» **Exercise prompt**:
Word for word, retype the first line of the records and every following line through the one containing "pink balm sticks".

» **Excerpted records**:
-------------------------

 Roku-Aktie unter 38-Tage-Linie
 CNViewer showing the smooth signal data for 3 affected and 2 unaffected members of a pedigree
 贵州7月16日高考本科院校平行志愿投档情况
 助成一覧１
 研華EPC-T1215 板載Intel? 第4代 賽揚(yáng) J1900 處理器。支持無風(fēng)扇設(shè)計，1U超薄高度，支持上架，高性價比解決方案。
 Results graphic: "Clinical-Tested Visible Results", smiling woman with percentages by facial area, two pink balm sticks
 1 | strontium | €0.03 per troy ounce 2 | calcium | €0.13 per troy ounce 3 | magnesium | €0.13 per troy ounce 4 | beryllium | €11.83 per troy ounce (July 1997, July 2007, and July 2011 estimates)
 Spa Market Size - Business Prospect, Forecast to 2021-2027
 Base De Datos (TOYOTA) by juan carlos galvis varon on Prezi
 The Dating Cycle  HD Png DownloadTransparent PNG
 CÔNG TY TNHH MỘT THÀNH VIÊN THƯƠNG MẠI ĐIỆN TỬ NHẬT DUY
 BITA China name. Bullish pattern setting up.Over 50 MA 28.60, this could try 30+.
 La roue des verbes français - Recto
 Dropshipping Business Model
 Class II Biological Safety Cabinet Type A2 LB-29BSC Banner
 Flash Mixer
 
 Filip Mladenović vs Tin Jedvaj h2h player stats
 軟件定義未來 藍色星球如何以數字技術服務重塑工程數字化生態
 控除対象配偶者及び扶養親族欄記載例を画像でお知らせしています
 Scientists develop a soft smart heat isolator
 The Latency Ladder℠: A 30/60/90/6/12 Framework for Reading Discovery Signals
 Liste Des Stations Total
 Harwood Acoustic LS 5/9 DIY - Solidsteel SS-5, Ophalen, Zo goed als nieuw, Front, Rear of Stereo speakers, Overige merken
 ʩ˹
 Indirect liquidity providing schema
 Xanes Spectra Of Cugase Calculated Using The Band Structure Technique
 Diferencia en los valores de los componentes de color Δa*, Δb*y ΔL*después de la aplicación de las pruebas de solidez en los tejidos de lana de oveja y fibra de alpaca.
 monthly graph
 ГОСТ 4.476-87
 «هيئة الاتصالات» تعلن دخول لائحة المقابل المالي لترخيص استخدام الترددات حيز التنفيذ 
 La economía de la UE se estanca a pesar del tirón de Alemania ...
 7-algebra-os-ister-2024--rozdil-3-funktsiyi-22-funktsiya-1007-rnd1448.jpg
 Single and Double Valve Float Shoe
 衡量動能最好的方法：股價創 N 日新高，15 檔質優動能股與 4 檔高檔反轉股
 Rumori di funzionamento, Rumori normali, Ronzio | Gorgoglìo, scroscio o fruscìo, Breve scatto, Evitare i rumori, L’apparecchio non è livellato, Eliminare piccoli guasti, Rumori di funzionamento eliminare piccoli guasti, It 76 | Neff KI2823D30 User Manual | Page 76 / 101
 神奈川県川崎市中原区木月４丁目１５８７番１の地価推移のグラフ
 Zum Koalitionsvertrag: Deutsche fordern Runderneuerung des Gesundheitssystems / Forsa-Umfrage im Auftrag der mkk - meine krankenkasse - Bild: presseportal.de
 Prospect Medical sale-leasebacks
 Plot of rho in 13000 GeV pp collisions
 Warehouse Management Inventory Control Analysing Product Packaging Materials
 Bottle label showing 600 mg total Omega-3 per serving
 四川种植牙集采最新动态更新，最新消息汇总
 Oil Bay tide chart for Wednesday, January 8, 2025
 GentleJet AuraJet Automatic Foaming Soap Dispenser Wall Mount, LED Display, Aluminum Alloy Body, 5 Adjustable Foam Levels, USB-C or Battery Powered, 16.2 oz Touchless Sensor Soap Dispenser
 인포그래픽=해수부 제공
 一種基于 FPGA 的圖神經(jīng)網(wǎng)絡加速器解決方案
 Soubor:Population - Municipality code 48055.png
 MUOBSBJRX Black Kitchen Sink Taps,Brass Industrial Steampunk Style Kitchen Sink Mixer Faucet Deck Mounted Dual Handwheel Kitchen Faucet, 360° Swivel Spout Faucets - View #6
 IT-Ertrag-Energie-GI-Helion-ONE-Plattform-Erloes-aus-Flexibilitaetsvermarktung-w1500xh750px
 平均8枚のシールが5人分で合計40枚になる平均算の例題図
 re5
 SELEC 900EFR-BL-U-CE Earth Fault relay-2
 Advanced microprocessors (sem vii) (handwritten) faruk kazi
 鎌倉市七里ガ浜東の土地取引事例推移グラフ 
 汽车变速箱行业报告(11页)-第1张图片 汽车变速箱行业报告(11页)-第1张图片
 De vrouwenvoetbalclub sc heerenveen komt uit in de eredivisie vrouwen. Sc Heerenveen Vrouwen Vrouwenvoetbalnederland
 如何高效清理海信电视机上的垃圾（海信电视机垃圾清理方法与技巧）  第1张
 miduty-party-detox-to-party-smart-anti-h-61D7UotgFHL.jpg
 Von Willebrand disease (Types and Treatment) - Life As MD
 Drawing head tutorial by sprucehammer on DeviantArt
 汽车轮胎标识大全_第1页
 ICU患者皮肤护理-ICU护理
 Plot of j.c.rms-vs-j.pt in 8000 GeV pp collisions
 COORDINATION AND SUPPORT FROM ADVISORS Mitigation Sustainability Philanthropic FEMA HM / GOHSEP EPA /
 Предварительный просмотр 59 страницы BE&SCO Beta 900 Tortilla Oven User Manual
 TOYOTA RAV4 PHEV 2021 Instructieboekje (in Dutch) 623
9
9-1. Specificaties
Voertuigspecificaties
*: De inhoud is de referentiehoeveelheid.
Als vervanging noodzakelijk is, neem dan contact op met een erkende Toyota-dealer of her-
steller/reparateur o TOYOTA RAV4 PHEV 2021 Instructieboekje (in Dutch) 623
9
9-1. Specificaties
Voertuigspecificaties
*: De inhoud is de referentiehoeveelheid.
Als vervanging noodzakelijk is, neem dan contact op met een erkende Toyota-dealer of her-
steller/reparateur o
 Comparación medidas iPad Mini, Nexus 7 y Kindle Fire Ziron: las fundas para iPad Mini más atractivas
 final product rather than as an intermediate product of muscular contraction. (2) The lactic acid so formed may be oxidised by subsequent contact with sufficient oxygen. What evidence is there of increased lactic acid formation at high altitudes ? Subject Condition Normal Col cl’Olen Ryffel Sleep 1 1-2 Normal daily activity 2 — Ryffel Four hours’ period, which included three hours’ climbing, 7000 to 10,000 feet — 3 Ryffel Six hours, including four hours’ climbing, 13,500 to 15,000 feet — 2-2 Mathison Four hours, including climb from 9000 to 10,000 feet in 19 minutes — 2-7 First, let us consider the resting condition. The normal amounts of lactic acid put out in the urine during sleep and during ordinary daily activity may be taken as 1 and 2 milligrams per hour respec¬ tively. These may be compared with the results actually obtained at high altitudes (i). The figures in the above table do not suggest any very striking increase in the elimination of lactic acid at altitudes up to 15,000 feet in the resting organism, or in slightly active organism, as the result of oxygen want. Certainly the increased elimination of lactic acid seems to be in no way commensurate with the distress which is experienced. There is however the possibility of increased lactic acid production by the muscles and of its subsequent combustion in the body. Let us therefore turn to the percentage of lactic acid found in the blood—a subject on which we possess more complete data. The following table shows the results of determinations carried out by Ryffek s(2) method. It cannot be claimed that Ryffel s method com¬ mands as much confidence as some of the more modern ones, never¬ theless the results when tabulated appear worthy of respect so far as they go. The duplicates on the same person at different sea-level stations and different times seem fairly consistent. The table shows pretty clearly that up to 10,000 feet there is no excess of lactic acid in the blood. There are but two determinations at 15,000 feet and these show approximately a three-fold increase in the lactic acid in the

-------------------------

» **Answer section**:
 Roku-Aktie unter 38-Tage-Linie
 CNViewer showing the smooth signal data for 3 affected and 2 unaffected members of a pedigree
 贵州7月16日高考本科院校平行志愿投档情况
 助成一覧１
 研華EPC-T1215 板載Intel? 第4代 賽揚(yáng) J1900 處理器。支持無風(fēng)扇設(shè)計，1U超薄高度，支持上架，高性價比解決方案。
 Results graphic: "Clinical-Tested Visible Results", smiling woman with percentages by facial area, two pink balm sticks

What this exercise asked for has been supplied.